Arcade Spirits uses the open source Ren’Py engine, which is a wonderful Python-powered system that gets you up and running quickly when making a visual novel. It’s powerful and customizable and has many of the features we needed right out of the box. We didn’t have to code our own save game system, or our own history buffer, or any of the standard visual novel systems — it just does it for you without much fanfare.
Alas, one thing we hadn’t realized when deciding to use Ren’Py is that there are no console ports of the engine. It’s open source, yeah, but requires Python, OpenGL, and a host of other tidbits to be ported before it can even consider the possibility of starting to maybe work on another system.
It’s not impossible — anybody with enough know-how and skill could probably port it. But so far nobody has, so we’d be starting from square one on a task we are woefully unprepared for. There’s a reason I picked a scripting system for this game instead of coding it down to the metal in assembly, folks. I ain’t that amazing at coding.
(UPDATE: A new wrinkle in the works. For a Switch port, it’s not enough to port the engine — since it’s not based on Unity, essentially every individual visual novel would need to be one whole and cohesive project with a complete dev kit and development contract, and likely still need to involve Renpy’s development team. So it’s a much taller ask than I had anticipated in the first place. Not sure if this is the case for PS4 but it’s likely the same issue. Fortunately there is a UWP version of Renpy in the works, so XBox One is possible, but still a long ways off and may have other hurdles.)
So, what’s the alternative? Basically, moving the whole kit ‘n kaboodle over to another visual novel engine, one which already has console support. Notably any system designed for Unity would do the job. But porting a game, even one as “simple” as a visual novel, is difficult. How do I do the customized visual effects and UI, when I don’t know enough to customize Unity to my needs? What about future localization efforts? It’s a tough sell, especially when we’re releasing in Q1 2019.
That leaves us with three options. Figure out how to port Ren’Py (or hire someone to do it), figure out how to port the game to another engine (or hire someone to do it), or let it slide for now and maybe switch engines before starting a sequel.
I won’t say what option we’re taking because, well, we don’t know! Right now we’re focused on getting the Win/Mac/Linux version out the door in good shape, so you have a quality game from day one. But… if that game sells well enough, if it’s clear there’s a burning hunger for Arcade Spirits… who knows what may happen?
Jeffery Mewtamer says
Speaking as a Linux user of over a decade, That the game is supposed to run on Linux is already more cross-platform support than I would expect from a novelist making their first foray into interactive fiction(or at least, speaking as someone who discovered City of Angles shortly after it was completed, went back to read your older novels after finishing Lucidity, and caught up with Floating Point around the time of Exodus 2 or 3, I’m not aware of any prior Interactive projects on your part). Perhaps I should give running the public demo another try. Could you possibly link me to a list of dependencies for this game’s engine? I rely on an application written in Python for daily computer use, but the last time I tried running the demo, I got a bunch of error messages I didn’t bother debugging at the time.
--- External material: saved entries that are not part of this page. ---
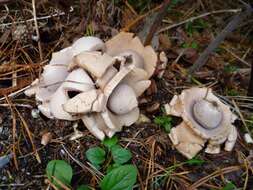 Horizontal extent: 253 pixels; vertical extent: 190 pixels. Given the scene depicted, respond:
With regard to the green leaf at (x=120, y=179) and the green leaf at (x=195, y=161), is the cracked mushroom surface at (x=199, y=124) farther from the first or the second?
the green leaf at (x=120, y=179)

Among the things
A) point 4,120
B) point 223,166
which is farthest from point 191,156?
point 4,120

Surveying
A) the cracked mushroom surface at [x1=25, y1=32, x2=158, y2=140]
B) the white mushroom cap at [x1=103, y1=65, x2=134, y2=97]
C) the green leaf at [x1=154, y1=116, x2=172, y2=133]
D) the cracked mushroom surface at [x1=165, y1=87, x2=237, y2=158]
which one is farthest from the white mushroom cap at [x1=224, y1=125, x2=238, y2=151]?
the white mushroom cap at [x1=103, y1=65, x2=134, y2=97]

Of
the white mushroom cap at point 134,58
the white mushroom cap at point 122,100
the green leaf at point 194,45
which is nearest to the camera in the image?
the white mushroom cap at point 122,100

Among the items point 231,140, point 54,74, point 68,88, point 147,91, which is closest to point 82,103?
point 68,88

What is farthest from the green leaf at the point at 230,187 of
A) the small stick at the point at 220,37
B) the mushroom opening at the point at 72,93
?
the mushroom opening at the point at 72,93

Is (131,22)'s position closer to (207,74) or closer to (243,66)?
(207,74) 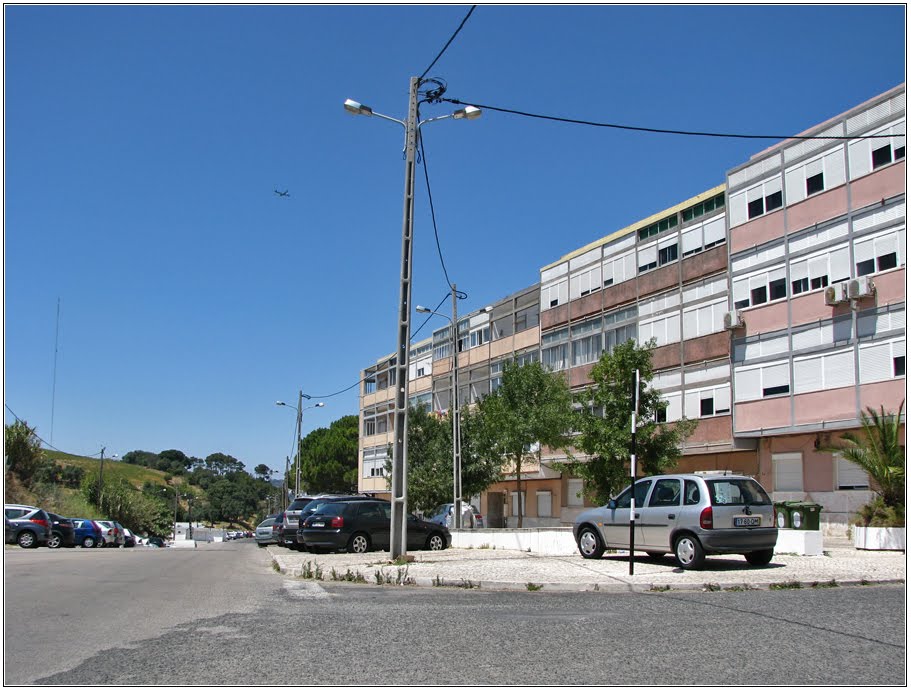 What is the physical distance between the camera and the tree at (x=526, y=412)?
39156mm

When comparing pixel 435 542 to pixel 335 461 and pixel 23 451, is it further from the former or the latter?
pixel 335 461

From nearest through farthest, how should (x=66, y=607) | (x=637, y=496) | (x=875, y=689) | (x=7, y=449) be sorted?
(x=875, y=689)
(x=66, y=607)
(x=637, y=496)
(x=7, y=449)

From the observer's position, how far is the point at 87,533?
3962cm

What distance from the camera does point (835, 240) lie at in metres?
33.9

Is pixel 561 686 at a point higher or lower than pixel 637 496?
lower

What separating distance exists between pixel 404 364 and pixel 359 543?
6.92m

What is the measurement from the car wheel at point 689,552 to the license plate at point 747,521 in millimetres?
766

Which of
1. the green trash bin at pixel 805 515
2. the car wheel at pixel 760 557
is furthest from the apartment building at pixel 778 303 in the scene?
the car wheel at pixel 760 557

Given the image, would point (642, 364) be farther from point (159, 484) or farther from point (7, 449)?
point (159, 484)

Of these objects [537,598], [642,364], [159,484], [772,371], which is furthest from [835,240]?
[159,484]

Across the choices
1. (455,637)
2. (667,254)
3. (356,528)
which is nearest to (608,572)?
(455,637)

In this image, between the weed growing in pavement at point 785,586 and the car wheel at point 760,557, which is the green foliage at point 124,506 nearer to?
the car wheel at point 760,557

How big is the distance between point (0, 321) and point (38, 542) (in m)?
27.6

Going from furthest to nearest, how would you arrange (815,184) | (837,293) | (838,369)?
1. (815,184)
2. (838,369)
3. (837,293) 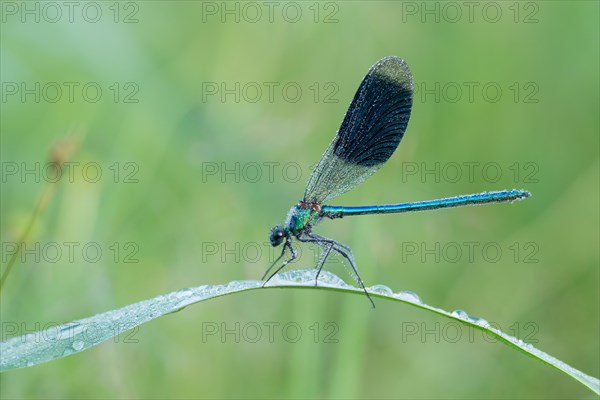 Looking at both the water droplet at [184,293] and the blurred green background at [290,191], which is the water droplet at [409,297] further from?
the blurred green background at [290,191]

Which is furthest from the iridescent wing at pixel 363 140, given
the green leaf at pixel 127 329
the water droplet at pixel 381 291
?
the green leaf at pixel 127 329

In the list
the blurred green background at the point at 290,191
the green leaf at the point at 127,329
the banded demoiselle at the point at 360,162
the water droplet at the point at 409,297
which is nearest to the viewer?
the green leaf at the point at 127,329

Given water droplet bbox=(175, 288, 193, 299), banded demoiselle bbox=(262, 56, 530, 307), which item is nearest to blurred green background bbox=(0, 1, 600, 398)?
banded demoiselle bbox=(262, 56, 530, 307)

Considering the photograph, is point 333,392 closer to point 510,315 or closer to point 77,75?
point 510,315

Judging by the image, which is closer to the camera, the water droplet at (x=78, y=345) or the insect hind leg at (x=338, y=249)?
the water droplet at (x=78, y=345)

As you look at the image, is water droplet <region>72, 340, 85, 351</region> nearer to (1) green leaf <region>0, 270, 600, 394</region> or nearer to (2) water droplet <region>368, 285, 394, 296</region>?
(1) green leaf <region>0, 270, 600, 394</region>

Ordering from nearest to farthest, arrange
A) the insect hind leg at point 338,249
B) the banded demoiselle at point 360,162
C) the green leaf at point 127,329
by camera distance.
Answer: the green leaf at point 127,329, the insect hind leg at point 338,249, the banded demoiselle at point 360,162

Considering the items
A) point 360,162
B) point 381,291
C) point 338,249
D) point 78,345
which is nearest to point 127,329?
point 78,345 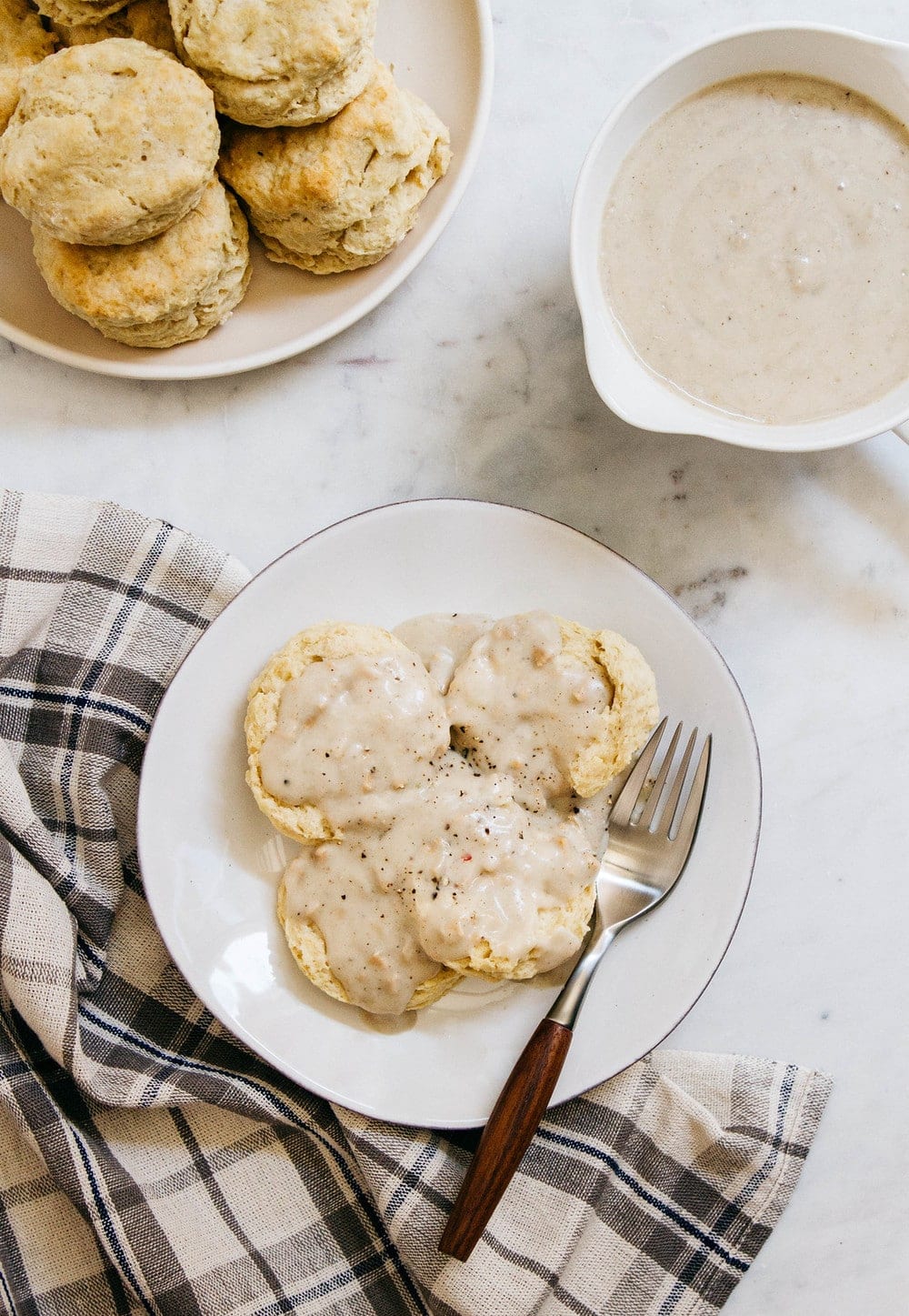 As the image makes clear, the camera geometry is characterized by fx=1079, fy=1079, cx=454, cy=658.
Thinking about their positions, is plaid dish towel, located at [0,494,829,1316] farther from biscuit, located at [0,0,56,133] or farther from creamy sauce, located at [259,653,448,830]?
biscuit, located at [0,0,56,133]

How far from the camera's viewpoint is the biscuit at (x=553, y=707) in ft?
6.62

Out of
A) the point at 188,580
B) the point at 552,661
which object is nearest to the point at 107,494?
the point at 188,580

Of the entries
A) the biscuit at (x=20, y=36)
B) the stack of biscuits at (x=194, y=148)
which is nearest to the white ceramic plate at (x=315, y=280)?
the stack of biscuits at (x=194, y=148)

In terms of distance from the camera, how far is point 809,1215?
2.25 metres

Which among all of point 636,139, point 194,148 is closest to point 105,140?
point 194,148

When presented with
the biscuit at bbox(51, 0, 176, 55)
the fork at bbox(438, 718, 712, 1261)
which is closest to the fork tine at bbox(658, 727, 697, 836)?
the fork at bbox(438, 718, 712, 1261)

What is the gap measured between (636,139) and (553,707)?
106 cm

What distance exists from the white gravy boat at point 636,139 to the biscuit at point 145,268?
0.67 meters

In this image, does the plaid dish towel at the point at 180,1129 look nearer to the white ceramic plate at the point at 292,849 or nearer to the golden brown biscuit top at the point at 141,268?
the white ceramic plate at the point at 292,849

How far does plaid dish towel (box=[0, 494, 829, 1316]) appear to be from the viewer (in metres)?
2.07

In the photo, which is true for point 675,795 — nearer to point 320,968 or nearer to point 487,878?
point 487,878

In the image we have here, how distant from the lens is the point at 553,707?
6.63ft

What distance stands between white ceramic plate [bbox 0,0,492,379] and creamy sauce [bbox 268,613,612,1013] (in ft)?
2.30

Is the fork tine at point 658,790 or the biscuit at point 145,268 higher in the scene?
the biscuit at point 145,268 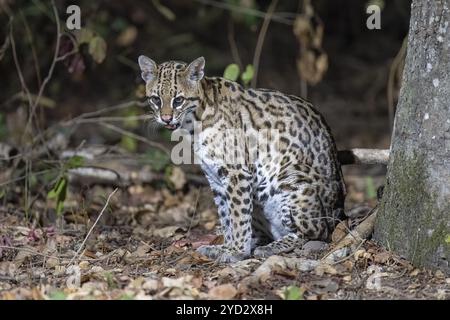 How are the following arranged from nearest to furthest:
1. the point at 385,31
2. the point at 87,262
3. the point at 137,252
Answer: the point at 87,262 < the point at 137,252 < the point at 385,31

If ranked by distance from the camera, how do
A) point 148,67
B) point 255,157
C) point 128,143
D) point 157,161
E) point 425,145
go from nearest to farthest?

Speaking as a blind person, I’d be ecstatic to actually be able to play this game(and somewhat disappointed you didn’t go more retro and make it a text adventure rather than a visual novel, but I let that slide since text adventures are a long dead genre as far as the mainstream is concerned and has even fewer options for those without the programming chops and dedication to code everything from scratch), and since, as far as I know, none of the major consoles have any system-level accessibility features that would even allow a blind person to launch a game unassisted, I’m not too bothered by the lack of console ports, and I would think blind readers a smaller market than several major groups of non-English readers, so I wouldn’t expect special effort put into making the game accessible. But again, if I can get the game running on my Linux box, I’m thinking chances are good the engine exposes text in a way a screen reader can get at.
Stefan "Twoflower" Gagne says
For Renpy dependencies, check the bottom of the Renpy downloads page: https://renpy.org/latest.html
Let me know how things go with blind-assist reading. I know you can turn on self-voicing with the V key, which may help. The game uses espeak on Linux for that. More information is located here: https://www.renpy.org/doc/html/self_voicing.html
If you encounter any issues of missing alternative text or such, let me know. We’ll see what we can do!